These
cattle-like ungulates have massive low sweeping horns and move in small to very large
herds, often over 400 strong, especially in the
Kafue
and South Luangwa National Parks. There
smaller bachelor herds of four to five. Occasionally solitary ones known as
kakuli live alone and do not associate with the larger breeding herds. During
the dry season they are the preferred prey of lion. They can sometimes be seen wallowing
in mud pools which is essentially a cleansing technique that rids them of skin parasites
and provides them with a caked mud barrier against further insect attacks.
If attacked, the adults in the herd form a
circle around the young and face outward.
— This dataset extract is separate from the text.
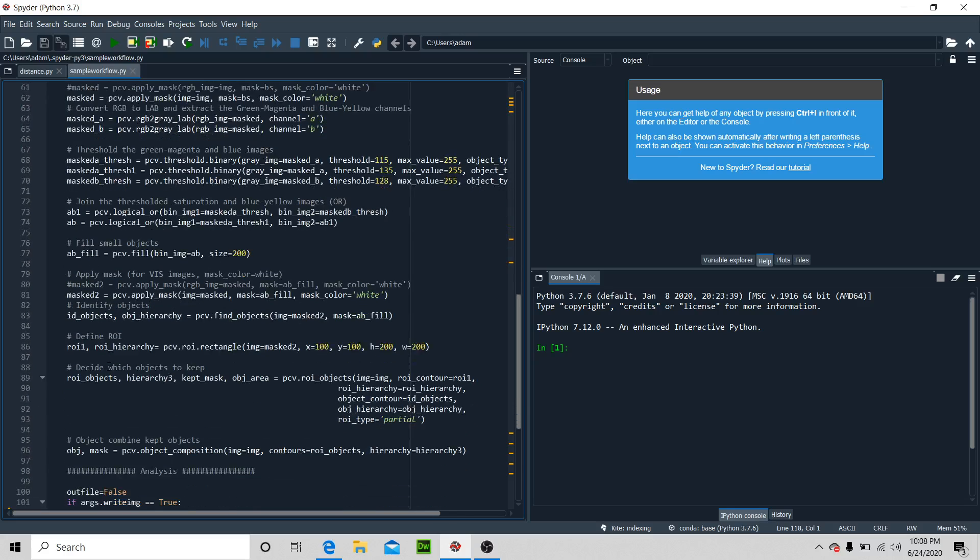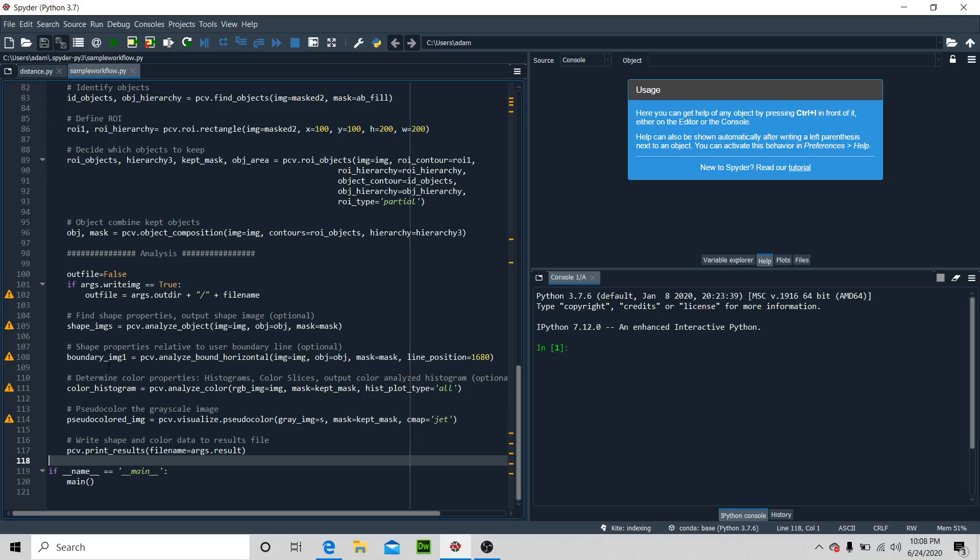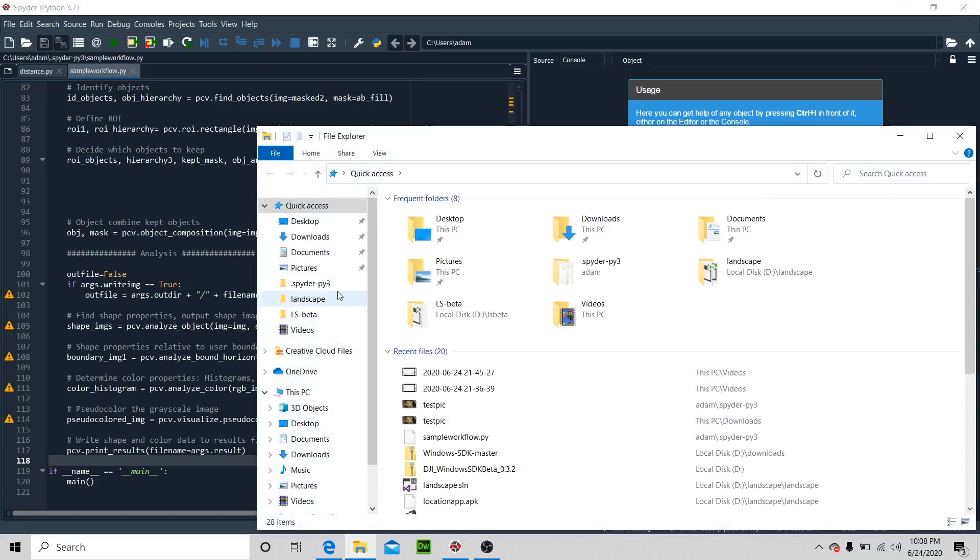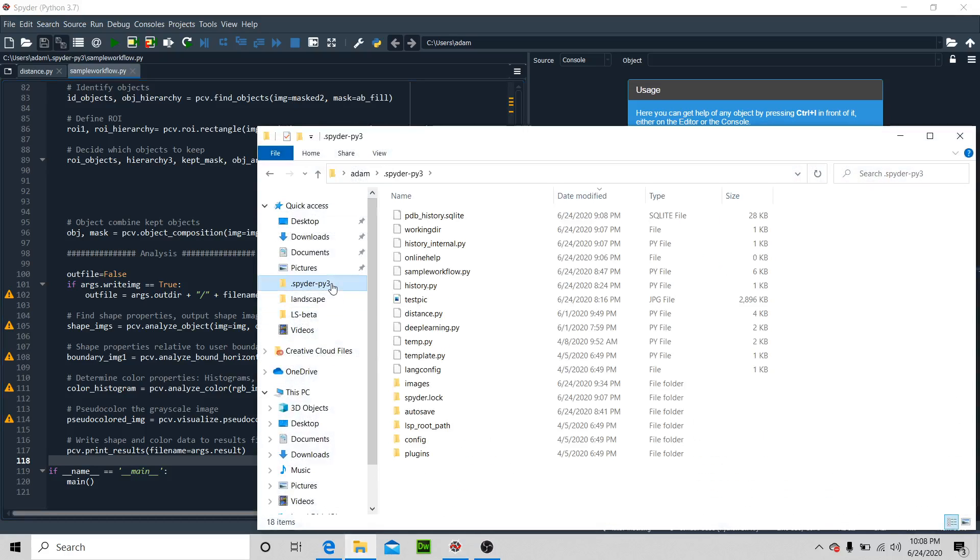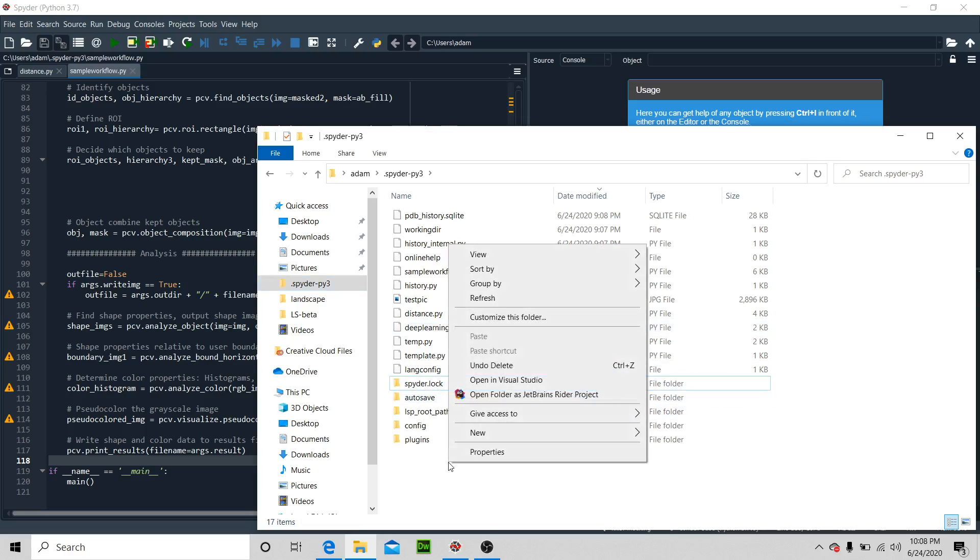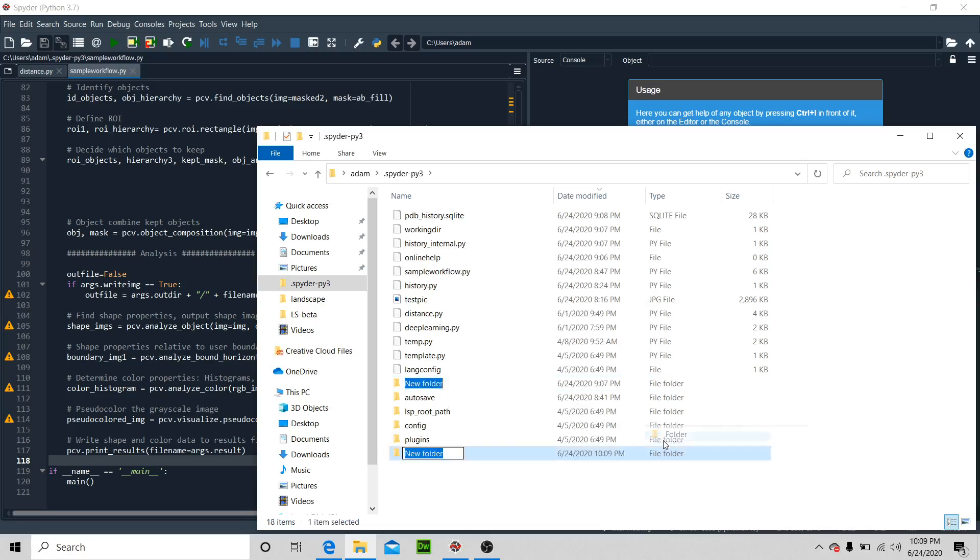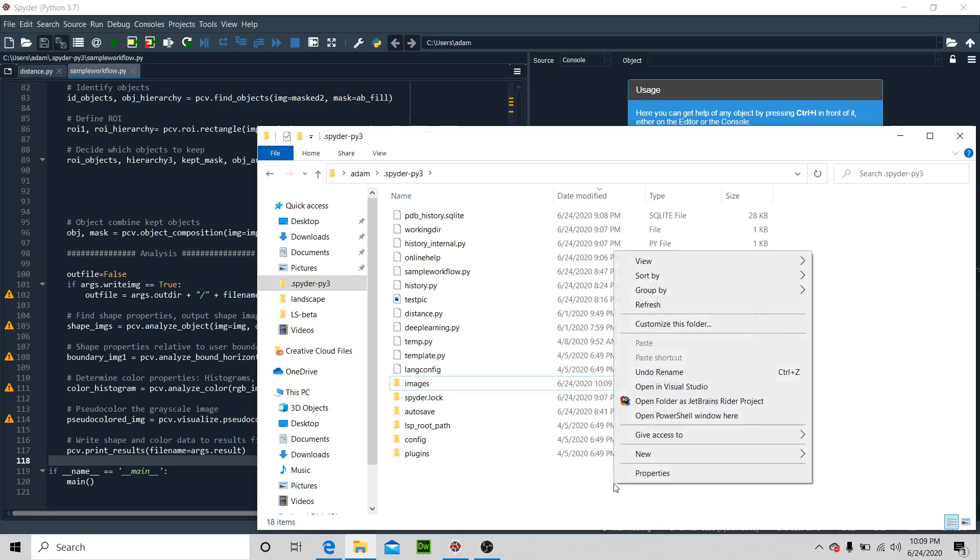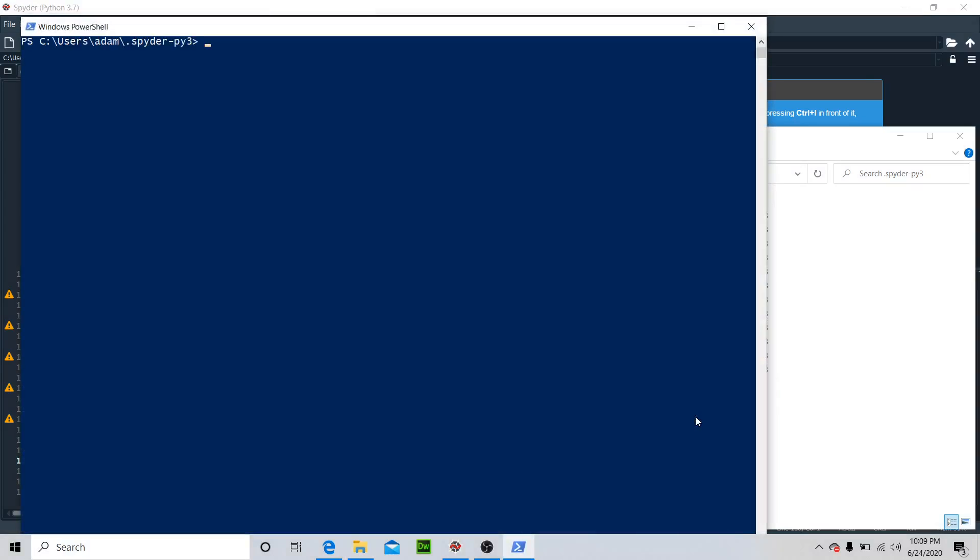All right, now if we were to run this, let's go ahead and find a directory. Let's delete that folder and create a new folder called 'images'. We're going to right-click into the PowerShell window here. I've included this example in the GitHub.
By lowering their heads and
presenting a solid barrier of sharp horns, it is difficult for predators
to seize a calf. This effective group defense even allows blind and
crippled members of the herd to survive. Thus predators do not have a
major impact on buffalo herds; it is the old, solitary-living males that
are most likely to be taken by lions.
Outside
the national parks in East Africa, buffaloes frequently come into conflict
with human interests. They break fences and raid cultivated crops and may
spread bovine diseases to domestic stock. They are still numerous in many
parts of East Africa, even though they have been periodically devastated
by the rinderpest virus. In other areas of Africa, buffaloes have been
eliminated or their numbers greatly reduced.
Sight and hearing are both
rather poor, but scent is well developed in buffaloes. Although quiet for
the most part, the animals do communicate. In mating seasons they grunt and
emit hoarse bellows. A calf in danger will bellow mournfully, bringing herd
members running at a gallop to defend it.